Matt Miller, a Senior Fellow with the Center for American Progress (CAP) and former official in the Clinton OMB, has an Op-Ed in The Washington Post decrying the "kiss-and-tell" books written by top presidential aides once they leave the White House, and he singles out as examples the "tell-all" books written by George Stephanopoulos and Scott McClellan (whose name is repeatedly misspelled throughout the Op-Ed). Miller doesn't merely want former officials who write such books to be stigmatized and scorned, though he does want that.
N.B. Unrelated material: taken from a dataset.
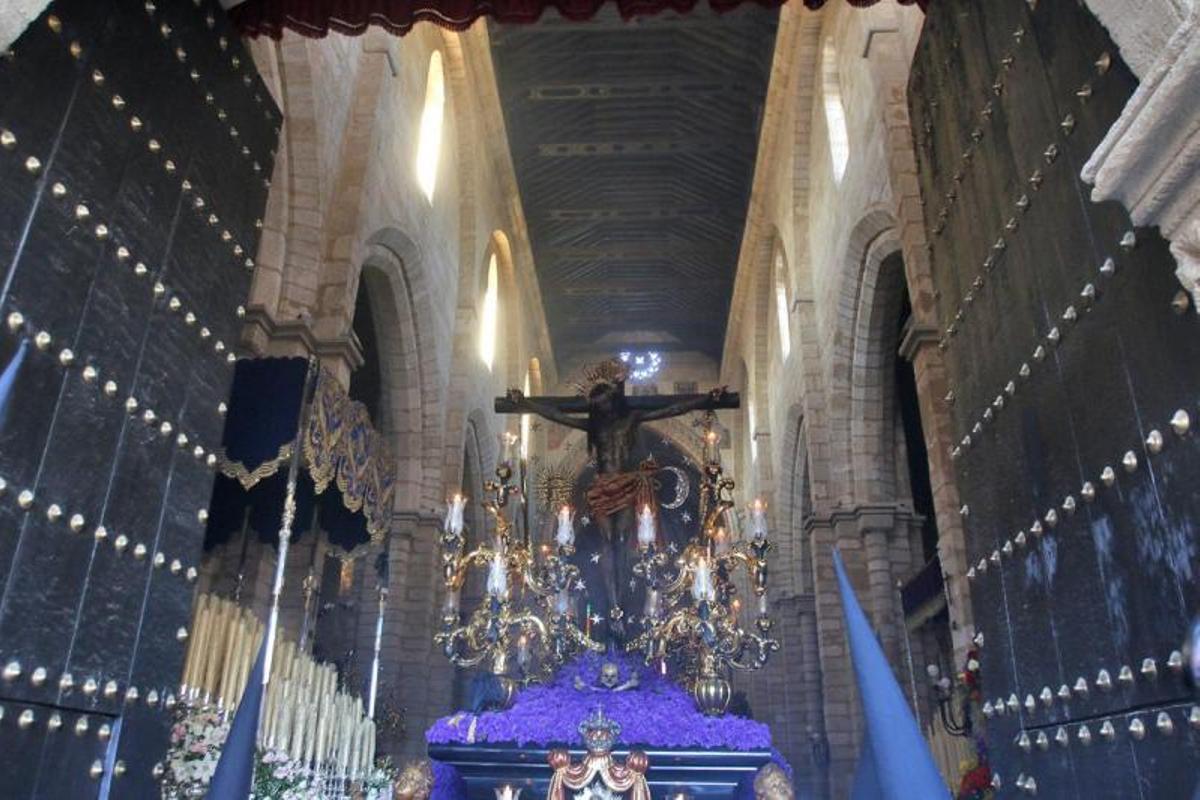 Una tarde primaveral envuelve a las cofradías el Lunes Santo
Far beyond mere disapproval, he actually wants to vest presidents -- or at least the new President -- with the formal legal power to block publication of these books in the first place:
Just as mergers and marriages that flourished on handshakes and vows had to turn to coarser arrangements once the stakes of break-up became high, the politician-aide relationship now needs its contract. In other words, it is time for the political prenuptial. Barack Obama should simply require key advisers and officials to sign a binding contract of confidentiality as a condition of employment. Aides should pledge not to disclose anything they see until, say, five years after their boss leaves office.
That is an atrocious idea. For one thing, it's hard to see how enforcement of these silencing contracts could be permitted in light of the First Amendment. And I doubt that Obama, for appearance reasons if nothing else, would take this proposal seriously. But those matters aside, the thinking behind this proposal is common among Beltway insiders and reveals much about the ways of Washington.
The attribute that defines Beltway culture as much as anything else is obsessive, gratuitous secrecy. The vast bulk of what takes place of any consequence occurs away from the public eye. Even laws which Congress enacts are proposed, negotiated and written behind closed doors with lobbyists and operatives. By the time these bills are even known to the public, let alone openly "debated," their outcome is a foregone conclusion. Floor "debates" and Congressional votes are pure theater, empty rituals with no purpose other than to ratify pre-ordained outcomes that were determined in secret.
Presidents in particular already possess a vast arsenal of weapons to prevent transparency, from the virtually unfettered power to classify to borderline-omnipotent investigation-quashing tools such as the state secrets and executive privileges. As Radley Balko detailed in his recent article urging the Obama administration to renounce claims of executive privilege except where genuine national security secrets are jeopardized by disclosures, these powers have grown so rapidly over the last decade that Presidents can now maintain an almost impenetrable wall of secrecy around virtually everything they do. CAP's own blog, ThinkProgress, just recently cited a report documenting "that by almost every measure, government secrecy is rising."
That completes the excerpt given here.